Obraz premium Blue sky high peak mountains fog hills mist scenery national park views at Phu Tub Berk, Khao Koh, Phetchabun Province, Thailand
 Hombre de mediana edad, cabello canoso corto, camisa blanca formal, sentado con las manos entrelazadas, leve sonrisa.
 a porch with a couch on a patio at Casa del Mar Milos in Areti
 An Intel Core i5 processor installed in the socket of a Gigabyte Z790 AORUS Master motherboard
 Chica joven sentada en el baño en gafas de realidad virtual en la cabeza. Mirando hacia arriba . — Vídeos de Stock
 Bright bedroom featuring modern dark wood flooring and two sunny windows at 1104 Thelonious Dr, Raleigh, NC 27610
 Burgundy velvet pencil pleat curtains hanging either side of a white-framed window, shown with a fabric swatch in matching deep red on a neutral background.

_____

TASK TO CARRY OUT — Go through the material and set every line down again exactly.

TASK ANSWER —
Obraz premium Blue sky high peak mountains fog hills mist scenery national park views at Phu Tub Berk, Khao Koh, Phetchabun Province, Thailand
 Hombre de mediana edad, cabello canoso corto, camisa blanca formal, sentado con las manos entrelazadas, leve sonrisa.
 a porch with a couch on a patio at Casa del Mar Milos in Areti
 An Intel Core i5 processor installed in the socket of a Gigabyte Z790 AORUS Master motherboard
 Chica joven sentada en el baño en gafas de realidad virtual en la cabeza. Mirando hacia arriba . — Vídeos de Stock
 Bright bedroom featuring modern dark wood flooring and two sunny windows at 1104 Thelonious Dr, Raleigh, NC 27610
 Burgundy velvet pencil pleat curtains hanging either side of a white-framed window, shown with a fabric swatch in matching deep red on a neutral background.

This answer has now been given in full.